─── INFORMATION SUPPLIED ───
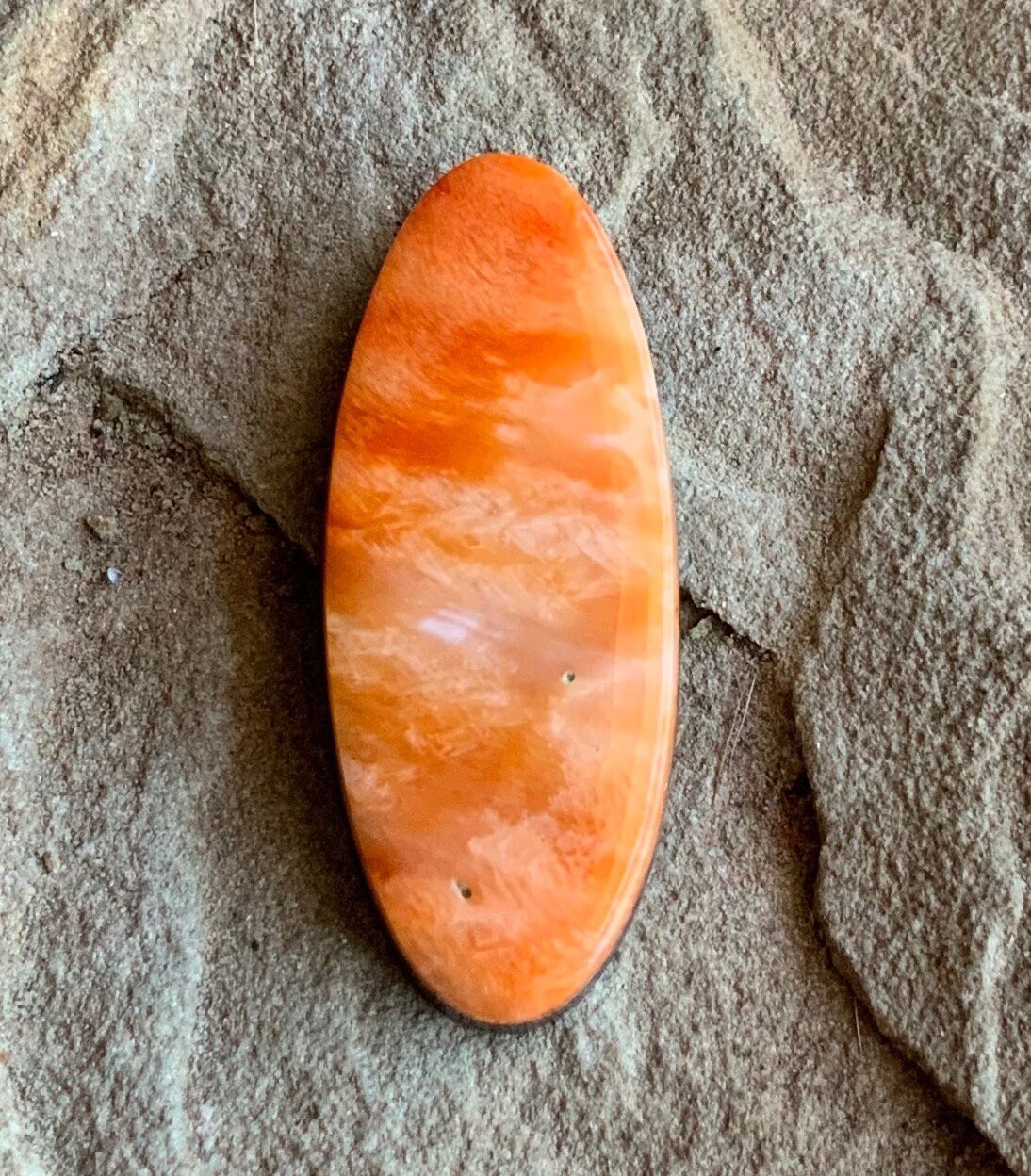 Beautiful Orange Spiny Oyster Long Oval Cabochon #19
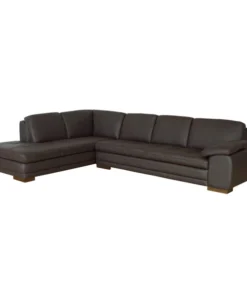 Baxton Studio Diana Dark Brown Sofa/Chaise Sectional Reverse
───
─── INFORMATION SUPPLIED ───
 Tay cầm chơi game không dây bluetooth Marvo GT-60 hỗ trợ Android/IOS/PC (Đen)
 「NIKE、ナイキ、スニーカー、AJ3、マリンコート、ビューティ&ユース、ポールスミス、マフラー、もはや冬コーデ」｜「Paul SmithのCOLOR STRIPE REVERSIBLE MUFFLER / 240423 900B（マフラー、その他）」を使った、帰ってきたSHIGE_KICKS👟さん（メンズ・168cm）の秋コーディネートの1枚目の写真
───
### WHAT IS NEEDED
Look through the material above. Transcribe exactly the lines between the ones with "Beautiful Orange Spiny" and "Baxton Studio Diana", inclusive, and keep pictures out.

### SOLVED EXERCISE
 Beautiful Orange Spiny Oyster Long Oval Cabochon #19
 Baxton Studio Diana Dark Brown Sofa/Chaise Sectional Reverse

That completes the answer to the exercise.